WHAT TO WORK ON
Reproduce the full listing below unchanged, apart from the pictures.

GIVEN INFORMATION
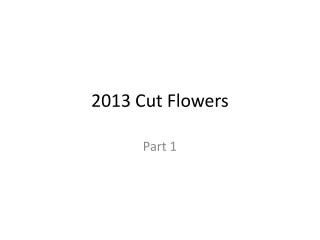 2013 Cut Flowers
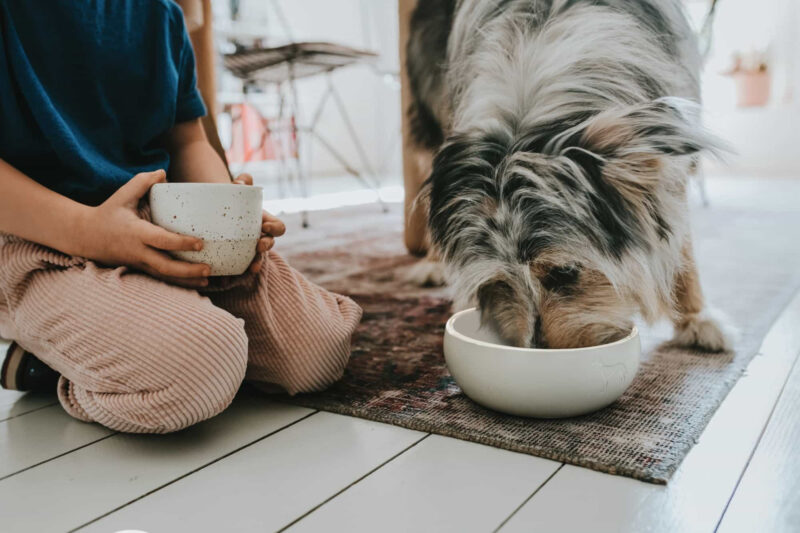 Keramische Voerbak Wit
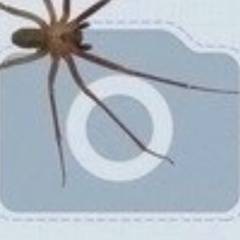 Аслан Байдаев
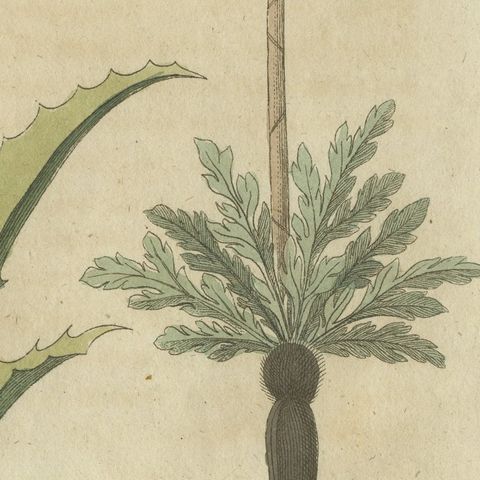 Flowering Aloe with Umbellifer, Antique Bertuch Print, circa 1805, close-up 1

ANSWER SECTION
 2013 Cut Flowers
 Keramische Voerbak Wit
 Аслан Байдаев
 Flowering Aloe with Umbellifer, Antique Bertuch Print, circa 1805, close-up 1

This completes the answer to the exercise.